On May 8 the Senate rejected a motion to proceed to legislation aimed at keeping the interest rates on federal student loans from doubling this summer. The bill, Stop the Student Loan Interest Rate Hike Act of 2012 (S. 2343), would extend low interest rates on federally subsidized Stafford loans for one year. Stafford loans benefit low- and middle- income students.
The 52-45 vote fell short of the 60 votes needed to proceed, with all Democrats voting in favor except Senator Reid (D- NV), who voted “no” to allow for the procedural ability to request a future vote, and all Republicans voting in opposition except Senator Olympia Snowe (R-ME), who voted “present.”
If Congress fails to act, interest rates on Stafford loans will rise from 3.4 percent to 6.8 percent on July 1. According to the Education Department, the passage of S. 2343 would affect 7.4 million undergraduate students borrowing money this year.
The legislation presented by Senate Democrats would cover the $6 billion cost of keeping interest rates low by closing tax loopholes for owners of S-corporations, often attorneys or other professionals. Compensation paid from the S-corporation is subject to both employee and employer payroll taxes; corporate profits are not. Some use this tax status to under-report compensation, thereby evading payroll tax payments. Republicans strongly oppose this means of paying for the extension of the low-interest loans.

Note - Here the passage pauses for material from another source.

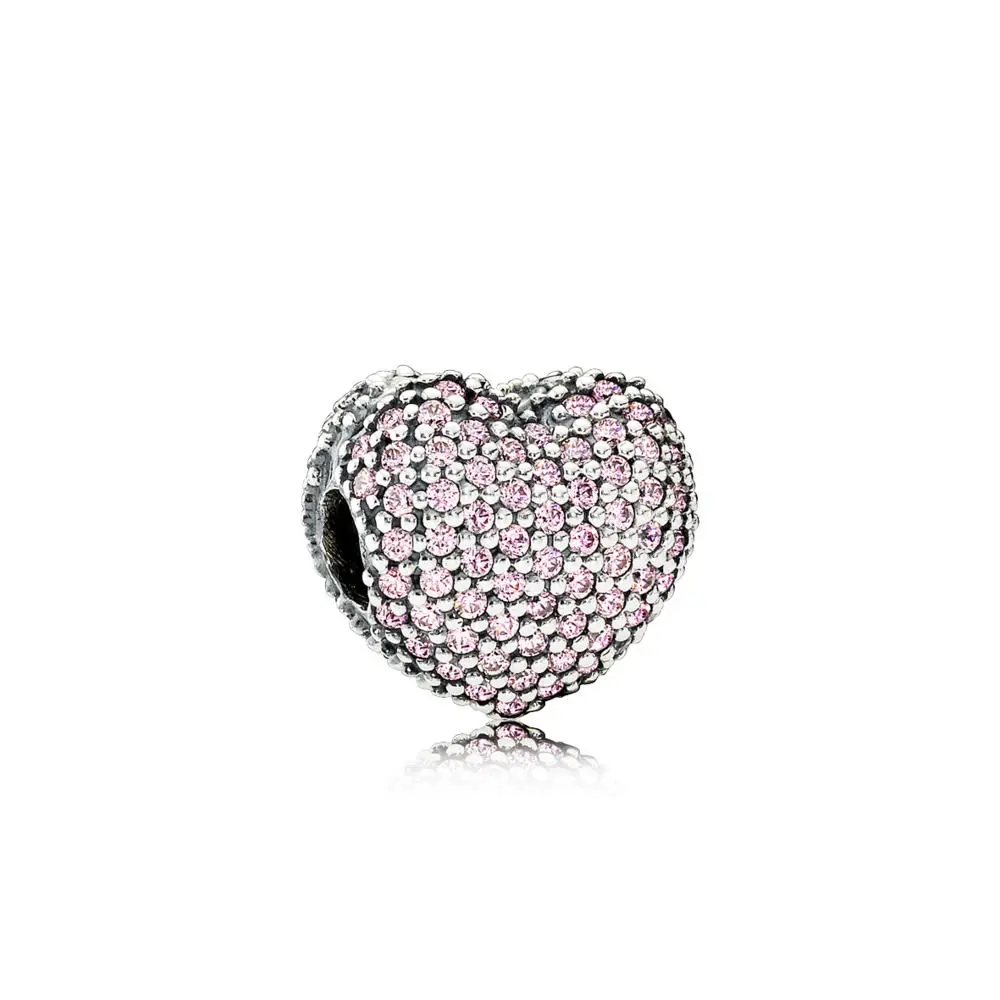 

925 Sterling Silver Beads Charm Gold Heart MOM Crystal Gift Box Shape Bead For Women Diy Pandora Charm Bracelet Necklace
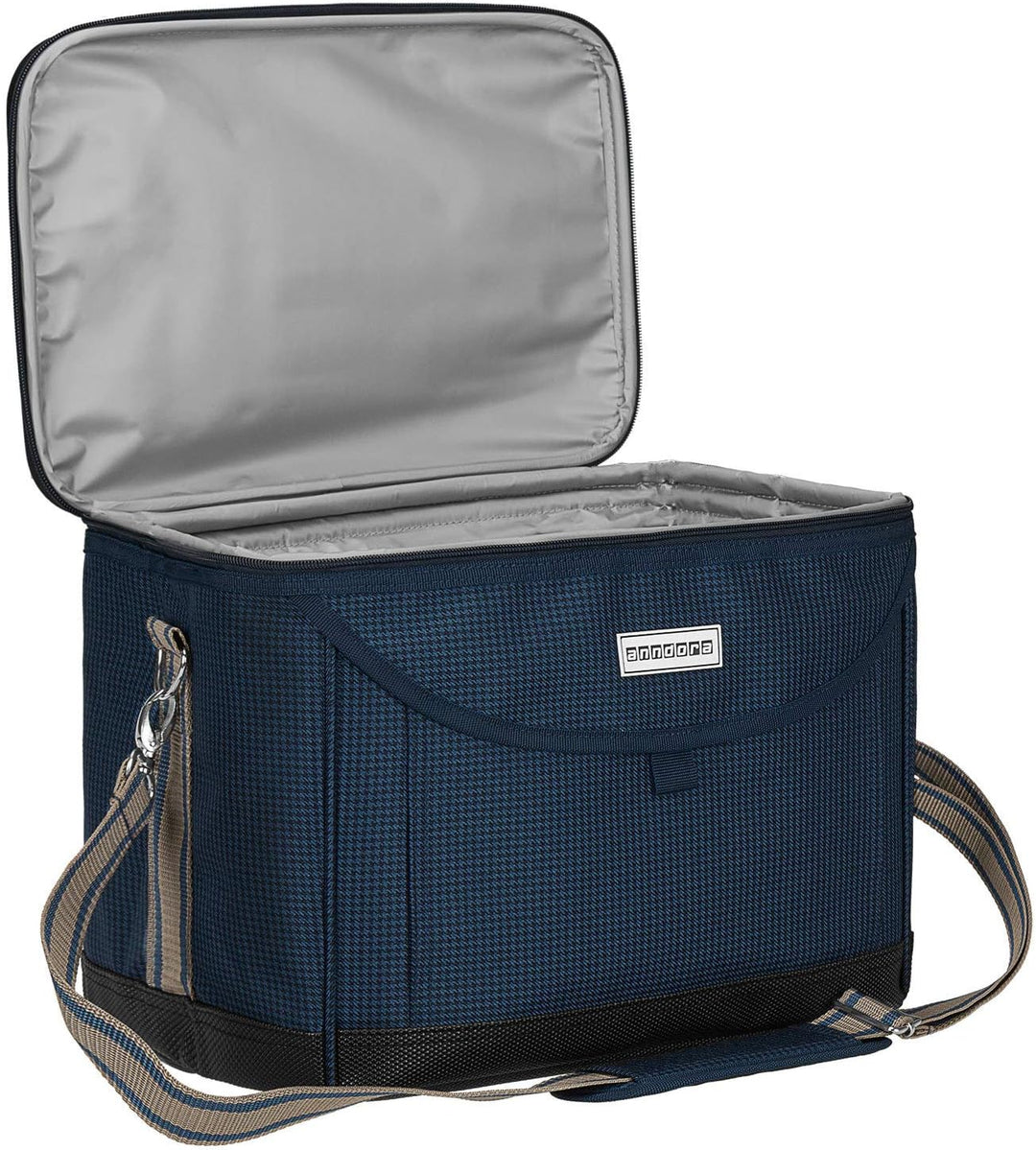 anndora Kühltasche 22 L Picknick Kühlbox 35 x 24 x 27 cm - Farbauswahl, Blau Hahnentritt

The House has already passed legislation (H.R. 4628, the Interest Rate Reduction Act) that would prevent student loan rates from increasing. This Republican pay-for strategy uses funds from the Prevention and Public Health Fund in the Affordable Care Act to pay for the extension. H.R. 4628 passed the House 215-195 with thirteen Democrats voting in support and 30 Republicans voting against it. The White House has issued a veto threat for this bill based on the offset, labeling it an effort to undermine health care reform. The Administration called the measure “a politically motivated proposal and not a serious response.”
This measure is not the first threat to low-income students’ educations in recent months. In order to avert a government shutdown, Congress passed a $1 trillion deal (H.R. 3671, the Consolidated Appropriations Act) in December 2011 that made large cuts to Pell Grants for 100,000 students (for more, see this ThinkProgress article). This bill reduced the maximum number of years that students can receive the Pell Grant from nine to six, and reduced the income level under which a student will automatically qualify for the maximum Pell grants from $30,000 to $23,000. Considering this substantial cut, advocates fear that doubled interest rates on Stafford loans would add extra strain on the backs of low-income families.
With the July 1 deadline looming, and bipartisan support for not letting the interest rates double, it is likely that more Congressional action is forthcoming.